# a few questions about judo



## chris_&#3617;&#3623;&#3618;&#3652;&#3607;&#3618; (Oct 30, 2006)

hi , ive never done judo (although i did do jujitsu for 6 months) and i just have a few noobish questions:

is judo just throws?

is striking taught in judo?

is there any floor fighting involved in judo?

thanks 


chris


----------



## KOROHO (Oct 30, 2006)

is judo just throws? No

is striking taught in judo? Yes, some.  But not allowed in competition.

is there any floor fighting involved in judo? Yes. 

You will learn throws, joint locks, pins and chokes.

You can learn a lot at www.judoinfo.com


----------



## matt.m (Oct 30, 2006)

chris_&#3617;&#3623;&#3618;&#3652;&#3607;&#3618;;652754 said:
			
		

> hi , ive never done judo (although i did do jujitsu for 6 months) and i just have a few noobish questions:
> 
> is judo just throws?
> 
> ...


No, Judo incorporates several ground trapping techniques and armbars.

Not like Tae Kwon Do striking, but yes as far as the self defense/nonsport aspect is taught then low level punching is taught.

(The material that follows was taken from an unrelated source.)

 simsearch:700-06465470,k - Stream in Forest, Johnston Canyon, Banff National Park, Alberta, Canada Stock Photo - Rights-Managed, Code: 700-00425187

Over half of the cirriculum is ground work

You are most welcome.


----------



## chris_&#3617;&#3623;&#3618;&#3652;&#3607;&#3618; (Oct 31, 2006)

thanks for the help guys!


----------



## still learning (Nov 4, 2006)

Hello, My Sensi teaches the full art of Judo. Plus the sports side of Judo to my Kids in High School competitions.

Judo teaches more than just throws, there is the ground works,arm bars,wrist locks,finger locks, lots of chokes holds,striking techniques-when you reach black belt in Judo,

It is more than you think...also you must find a excellent Sensi in Judo who does more than the sport side of it.......

Judo teaches you to be a gentle person and to control you throws with your partners....in the real world you will be able to throw them down hard on there heads,backs, and even break there arms in the throws...

Judo is good and very realistic fighting.....People who do Judo and goes into mix martial arts, DO VERY WELL! ...Just my thoughts on this...ONLY WAY TO KNOW THE TRUTH?  IS TRY IT.........Aloha


----------